During the briefing before the standing committee chaired by Senator Rubina Khalid, the secretary of Privatisation Commission said that China Mobile had placed a bid of $1.4 billion while Etisalat had struck the deal for 26 per cent stakes in the company against $2.6 billion.
In March 2006, the then government signed an agreement with Etisalat under which 3,384 properties of the PTCL had to be handed over to the company. However, the Senate body was briefed that the properties on the ground were only 3,248 while 38 properties could not be transferred, the committee was briefed.
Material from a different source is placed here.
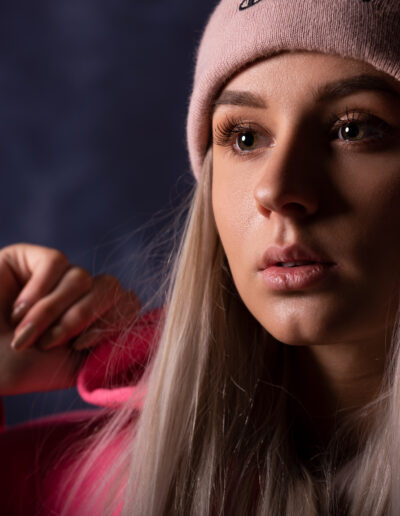 Žena s dlouhými blond vlasy má na sobě růžovou čepici a růžovou mikinu s kapucí a na tmavém pozadí se dívá mírně stranou.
The Privatisation Commission official informed the Senate committee, that after the government failed to transfer all properties to Etisalat — as mentioned in the agreement — the Middle East-based company has stopped the payment of $799 million to the government citing non-compliance of the agreement.
Senator Rehman Malik asked the officials what action has so far been taken against those responsible for the inclusion of false properties in the agreement. He directed the commission to brief Etisalat regarding the current situation.
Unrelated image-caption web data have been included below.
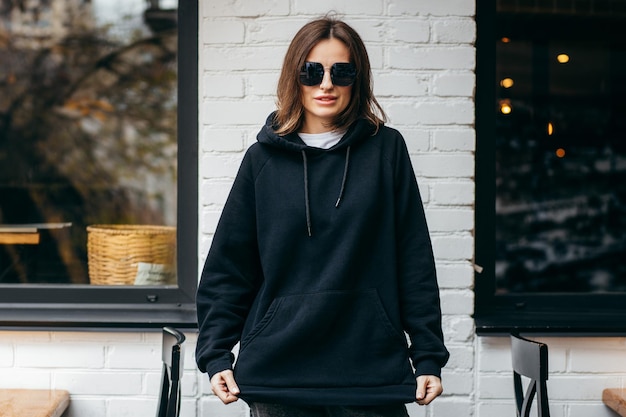 Young woman in glasses and black hoodie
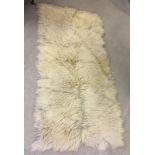 A long haired, cream colour, animal hide rug.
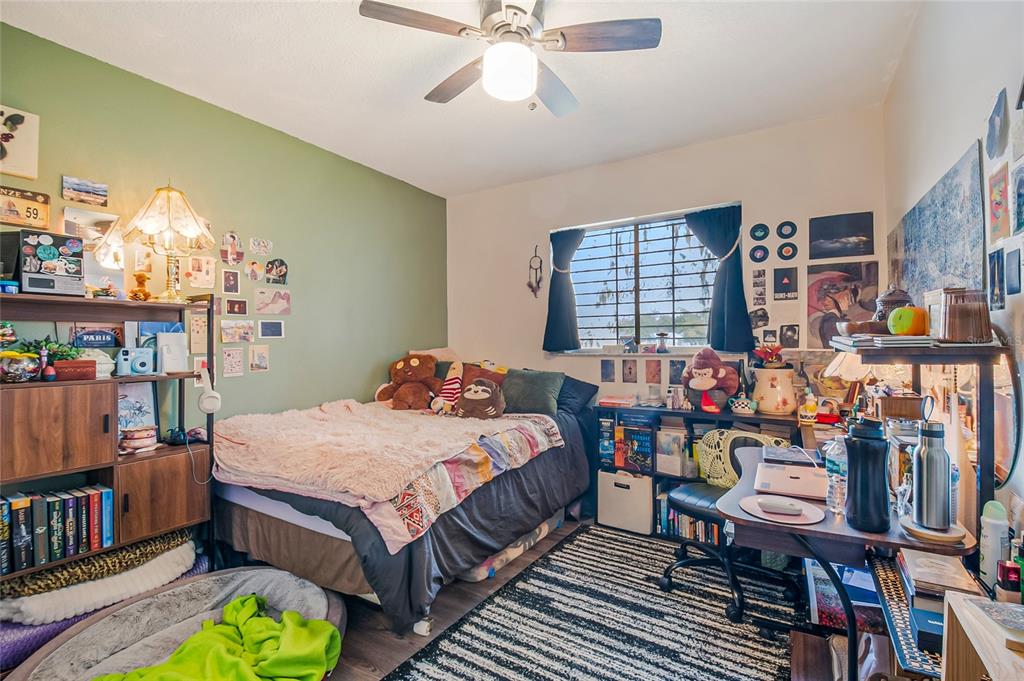 4432 Watch Hill Road Orlando, FL 32808 - Photo 25 of 30 a bedroom with a bed table and a window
The committee also discussed the reasons why PTCL pensioners had been denied the increase in pension despite orders from the Supreme Court.
The standing committee members expressed their resentment over the situation and directed the authorities to pay pensions to former employees of the PTCL by Jan 15, 2019.
In 2006, Etisalat, the Gulf Arab regions second-largest telecom firm, signed an agreement to purchase a 26 per cent stake in PTCL for $2.6bn, but the company has withheld the payment of $799mn, due to problems linked with a transfer of real estate units.
Under the contract, the government agreed to transfer the properties before Etisalat made the full payment.
Etisalat has faced increased competition in its home market after its monopoly was broken in 2007 by Dubai-based du. Etisalat, operating in 18 countries, including Egypt and India, is one of a number of Gulf Arab telecom operators that have expanded overseas after losing their monopolies at home.